Having already calculated launch angle, it seems logical that the next step would be to calculate exit velocity. It would seem as though some relationship between hit distance (calculated using the home plate location found in part three and the coordinates of the batted balls) and launch angle would yield an approximation for exit velocity, and indeed, such a relationship appears to exist at the major league level.
Despite this, using the model that I reverse engineered from Statcast and correcting for differences in hit-tracking between the stringers and the MiLB, I found that such a model was grossly inaccurate at the minor league level. Shown below are MiLB hitters with at least 200 BIP in 2016 and 200+ BIP in the majors in 2017.
Perhaps the depth of batted ball locations are inaccurate, or perhaps the model itself has issues. I think this is a difficult challenge because we're trying to measure the size of an intangible object using its shadow - it's not as simple as plugging the values into excel's equation solver, as we need to have method behind our model.
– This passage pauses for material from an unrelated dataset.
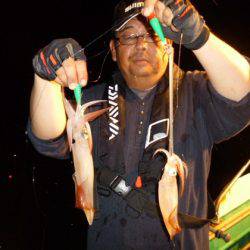 真祐丸 （しんゆうまる） 釣果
I think of this challenge as a WIP, and I hope to update this post with a solution soon, but for now I have no clear way of estimating MiLB exit velocity.
Still, the rest of the data that we're working with appears solid and powerful. I've already revealed a couple functions that I've been using, and I hope to develop an R-package for all of these functions, including heatmaps, splits, date-ranges, a built-in R scraper, and more. I hope to keep y'all posted on this later this summer.
Thank you for reading this series! I hope this was insightful or at least entertaining. In my opinion, not enough public analysts are using MiLB data, and while it's certainly rough around the edges, there's still valuable information to be gleaned from it.